Видимо, в силу той забубенной логики, по которой деньги тянутся к деньгам, а беды к бедам, Островский был не то чтобы счастлив и в личной жизни. Его первая супруга Агафья Ивановна, скончавшаяся на семнадцатом году замужества, родила четырех детей, трое из которых умерли еще в детстве, а старший сын, Алексей, едва дожил до юношеского возраста. Впоследствии Александр Николаевич был влюблен в актрису Любовь Николаевну Никулину-Косицкую, но безответно — она вышла замуж за «миллионщика» Соколова. Второй брак Островского был внешне благополучным, но к разряду счастливых его, увы, можно отнести только с серьезными оговорками. Марья Васильевна была нежной матерью и преданной женой, но от Александра Николаевича ее все же отделяли 23 года разницы, практические интересы и тот склад характера, о котором приятель Островского, разорившийся купец Федюкин, отзывался снисходительно, но всегда начинал с такой оговорки: «При всей лютости их супруги…» Впрочем, принимая во внимание неколебимое духовное здоровье Островского, отнюдь не странно, что он умел находить в семейственной жизни утешение и покой.

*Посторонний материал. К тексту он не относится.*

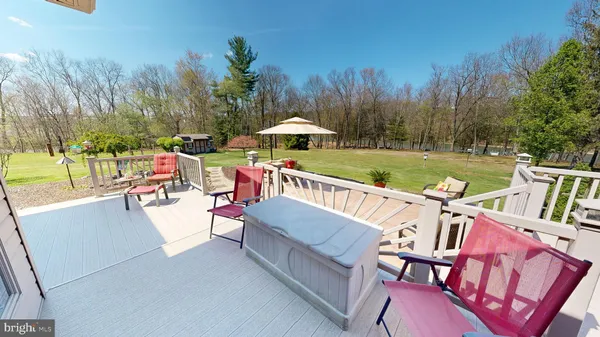 $689,000 | 3 Rocky Bend Road, Clearfield, PA 16830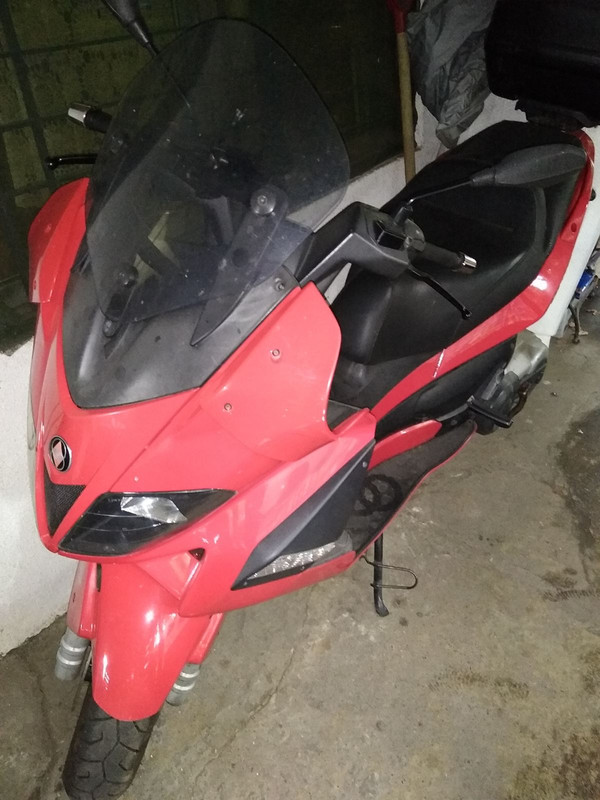 0-02-05-d43b118d6c82f7e6e9bb24a4dcdc16b8d717210544f6f7049077e9af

Вот уж что действительно странно, так это следующее… После смерти Александра Николаевича, последовавшей 1(14) июня 1886 года, «поклонники» не угомонились. Мемориальная доска на том самом доме на Малой Ордынке, где он родился, появилась только 22 года спустя после его кончины. Затем дом Островского умудрились временно потерять, и даже в специальной литературе сообщалось, что он якобы был снесен. Первый памятник великому драматургу тот, что стоит перед Малым театром, — был открыт 43 года спустя. Наконец, скромной лептой обязан Островский и «поклонникам» нашего поколения: в Щелыкове не так давно был построен огромный мемориальный музей, который посещает ежегодно лишь 15-16 тысяч человек; причина тому невероятного, саркастического порядка: шоферы Костромского экскурсионного бюро не любят ездить древним Галицким трактом, по которому, как говорил еще сам Островский, в непогоду ни конному не проехать, ни пешему не пройти. Так что по отношению к костромским дорожникам крылатая фраза Пушкина «они любить умеют только мертвых» в некотором роде незаслуженный комплимент.